> Work instruction
Please, from the entries below, transcribe exactly the lines that begin at the line with "Yeni Sezon Standart" and end at the line with "Клей ПВА Момент", without the pictures.

** Provided information follows **

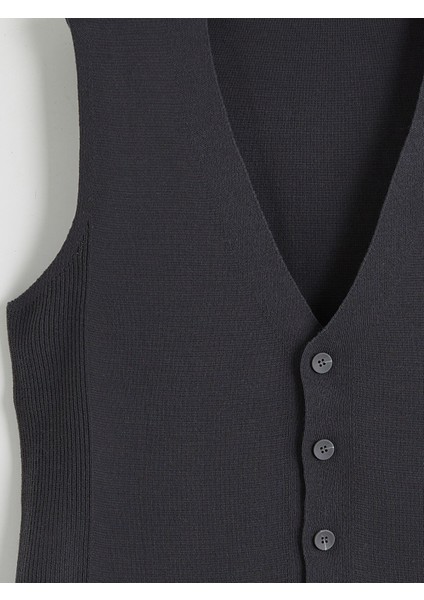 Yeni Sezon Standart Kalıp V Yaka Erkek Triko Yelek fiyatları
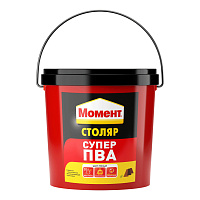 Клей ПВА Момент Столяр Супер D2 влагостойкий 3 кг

** End of Provided information **
** Provided information follows **

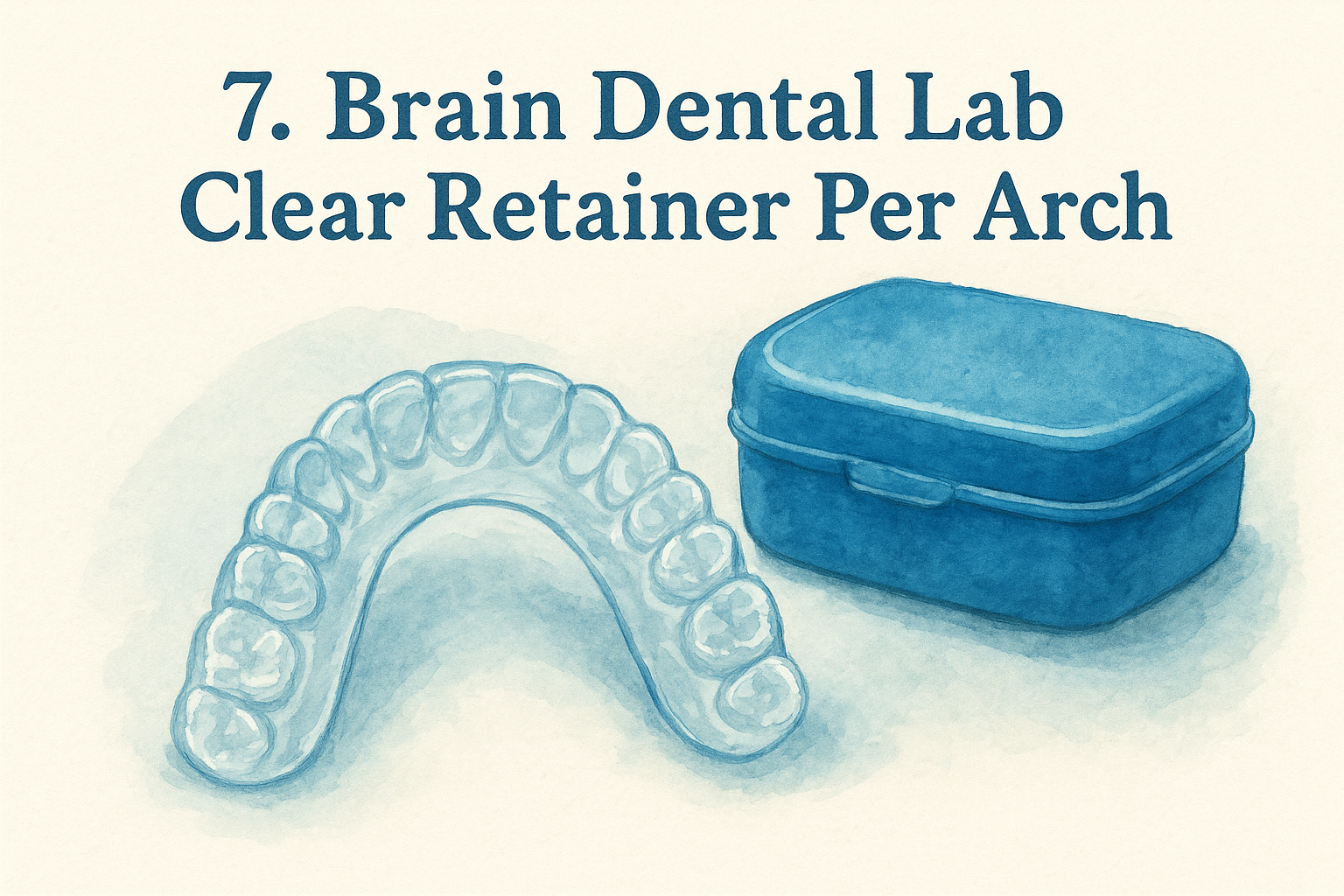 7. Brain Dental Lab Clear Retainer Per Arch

** End of Provided information **
** Provided information follows **

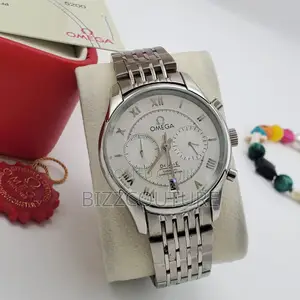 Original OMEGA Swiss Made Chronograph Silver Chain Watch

** End of Provided information **

> Task solution
 Yeni Sezon Standart Kalıp V Yaka Erkek Triko Yelek fiyatları
 Клей ПВА Момент Столяр Супер D2 влагостойкий 3 кг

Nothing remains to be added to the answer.